Todas as manhãs, Seiji levantava, trabalhava na horta, cortava lenha na floresta e, no final do dia, sentava-se diante da fogueira para tocar a sua flauta.
Foram anos de quietude e rotina até que, certa vez, a preciosa flauta de Seiji desapareceu. Ele a procurou por todos os lugares, vasculhando sua casa e até mesmo vários cantos da floresta. Foi às margens do rio e nada encontrou. Amargurado, Seiji começou a suspeitar que alguém teria levado a sua flauta.
“Quem sabe foi a mulher que mora do lado norte, que costuma vagar tarde da noite pela floresta escura e retorna para casa com cogumelos e ervas. Possivelmente, para fazer bruxarias e coisas do tipo. Ela deve ter visto o meu grande apego ao instrumento e decidiu enfeitiçá-lo”.

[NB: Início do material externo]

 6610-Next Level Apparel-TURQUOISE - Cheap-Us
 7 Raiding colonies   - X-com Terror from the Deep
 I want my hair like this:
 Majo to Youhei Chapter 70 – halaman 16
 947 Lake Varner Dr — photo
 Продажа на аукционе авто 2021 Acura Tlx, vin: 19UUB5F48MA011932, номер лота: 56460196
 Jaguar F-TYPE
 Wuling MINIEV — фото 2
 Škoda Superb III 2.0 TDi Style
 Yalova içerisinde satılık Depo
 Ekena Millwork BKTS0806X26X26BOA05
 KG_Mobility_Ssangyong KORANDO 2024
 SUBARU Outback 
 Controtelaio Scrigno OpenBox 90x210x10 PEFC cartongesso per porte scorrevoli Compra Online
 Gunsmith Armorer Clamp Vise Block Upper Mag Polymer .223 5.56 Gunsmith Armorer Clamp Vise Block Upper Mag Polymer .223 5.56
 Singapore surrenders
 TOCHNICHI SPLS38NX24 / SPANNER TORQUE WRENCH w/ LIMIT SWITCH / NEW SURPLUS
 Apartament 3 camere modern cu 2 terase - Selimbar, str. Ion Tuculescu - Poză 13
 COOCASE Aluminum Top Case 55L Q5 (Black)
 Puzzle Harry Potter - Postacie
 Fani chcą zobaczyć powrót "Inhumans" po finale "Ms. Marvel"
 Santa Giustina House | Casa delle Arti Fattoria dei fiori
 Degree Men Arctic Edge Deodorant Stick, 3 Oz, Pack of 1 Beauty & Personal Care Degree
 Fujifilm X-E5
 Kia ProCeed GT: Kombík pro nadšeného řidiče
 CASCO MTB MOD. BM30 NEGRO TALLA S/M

Não satisfeito, Seiji também envenenou o coração contra o velho morador da província, que costumava acampar próximo do rio. “Eu vi quando o velho encontrou a faca preferida do moleiro e a guardou na pequena bolsa que carrega na cintura. Só pode ter sido ele”.
As memórias de Seiji o fizeram se lembrar do filho mais novo de seu vizinho, que costumava vagar sem destino enquanto todos os outros trabalhavam. “Ele anda, veste-se e fala como um ladrão”, pensava o homem, no auge de sua inquietude.
Perdido em suspeitas, Seiji saiu para caminhar enquanto arquitetava modos de abordar os três suspeitos. Quando estava atravessando as margens do rio, notou um objeto descansando em cima de uma pedra. Ao olhar com atenção, percebeu que se tratava de sua flauta. Foi então que a imagem voltou à sua mente: ele a havia esquecido lá.
Arrependido, Seiji sentiu vergonha de ter deixado a maldade e o falso testemunho tomarem conta de sua alma e decidiu observar com atenção a mulher do lado norte, o velho morador que acampava nas proximidades do rio e o filho de seu vizinho.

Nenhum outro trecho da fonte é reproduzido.